[Start of Attachment]
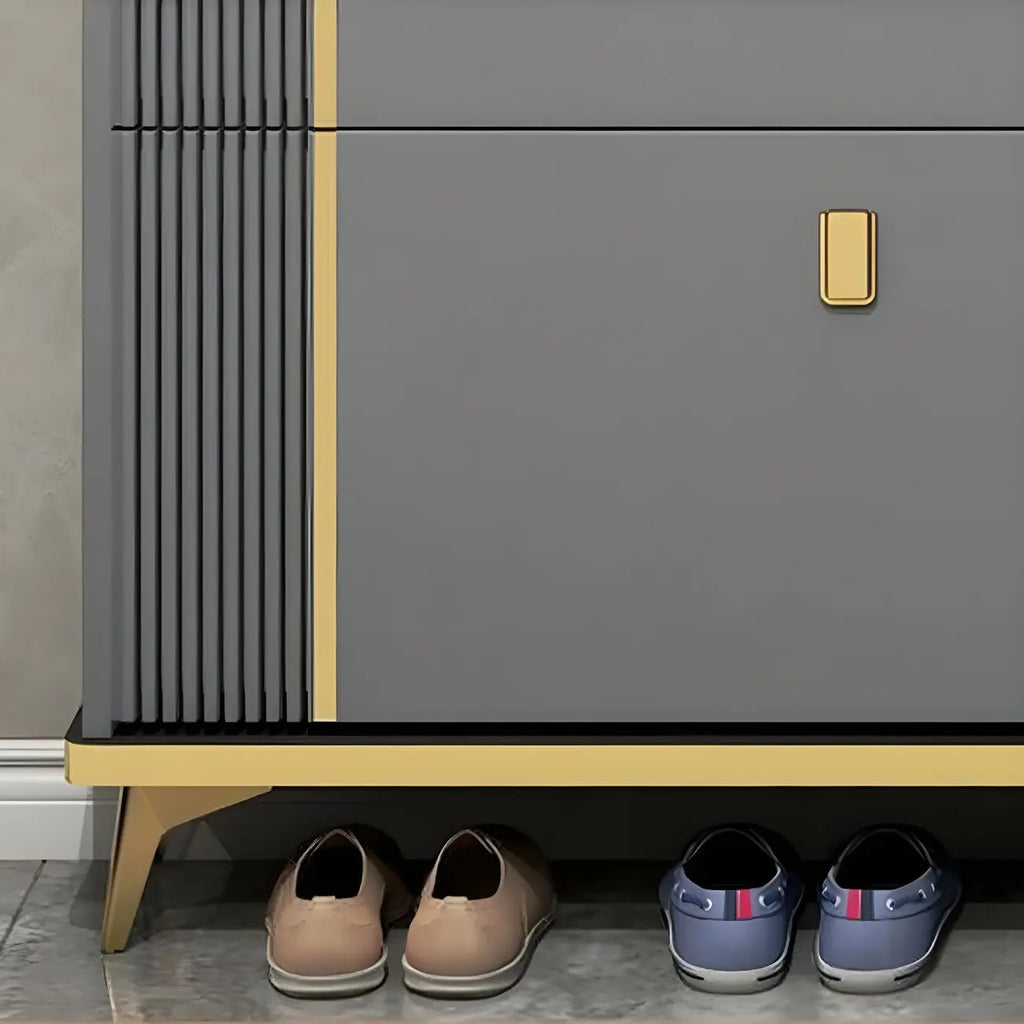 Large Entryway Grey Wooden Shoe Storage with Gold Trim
[End of Attachment]
[Start of Attachment]
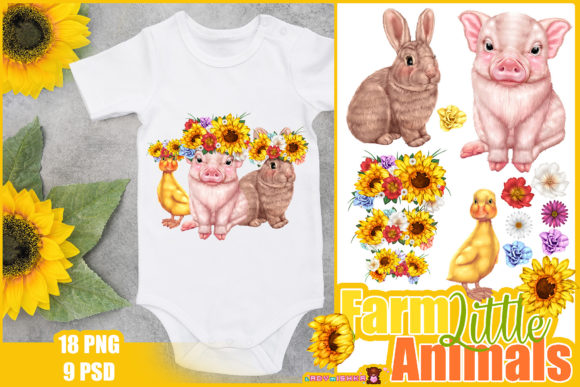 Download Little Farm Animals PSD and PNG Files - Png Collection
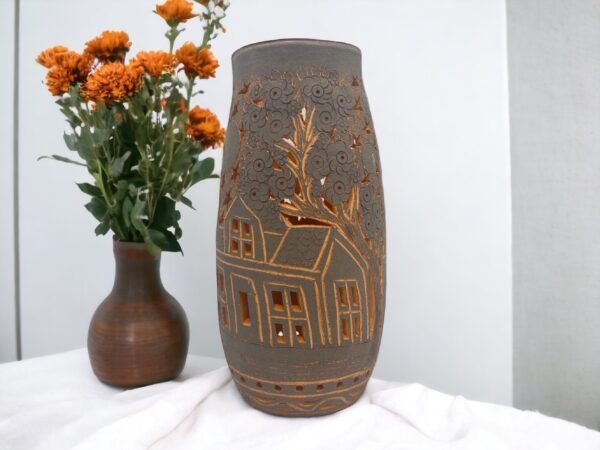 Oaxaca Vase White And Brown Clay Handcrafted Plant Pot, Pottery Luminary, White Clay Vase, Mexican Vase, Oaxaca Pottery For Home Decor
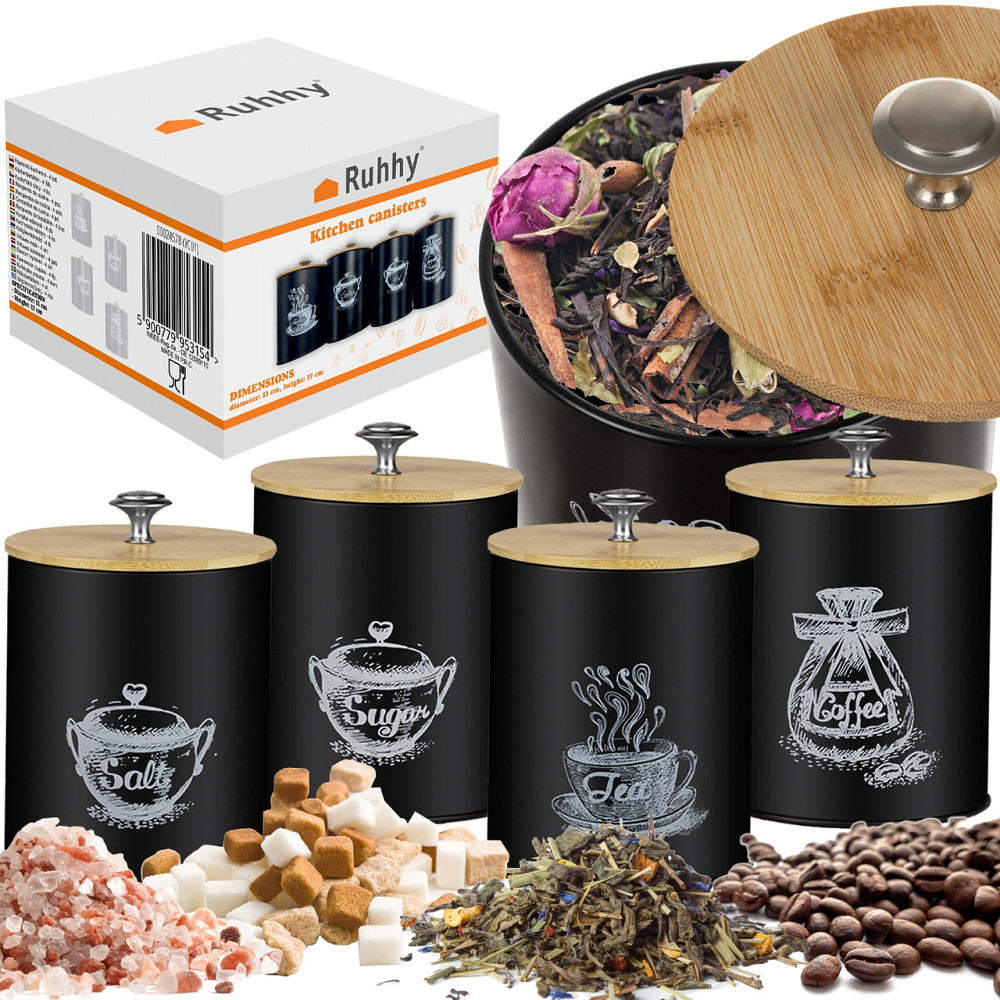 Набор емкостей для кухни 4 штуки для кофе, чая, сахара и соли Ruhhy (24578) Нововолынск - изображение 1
[End of Attachment]
**Directions for this task**. Write out word for word the lines of the listing above from the line with "Oaxaca Vase White" to the line with "Набор емкостей для", taking in both of those lines but no pictures.

**Your solution**.
 Oaxaca Vase White And Brown Clay Handcrafted Plant Pot, Pottery Luminary, White Clay Vase, Mexican Vase, Oaxaca Pottery For Home Decor
 Набор емкостей для кухни 4 штуки для кофе, чая, сахара и соли Ruhhy (24578) Нововолынск - изображение 1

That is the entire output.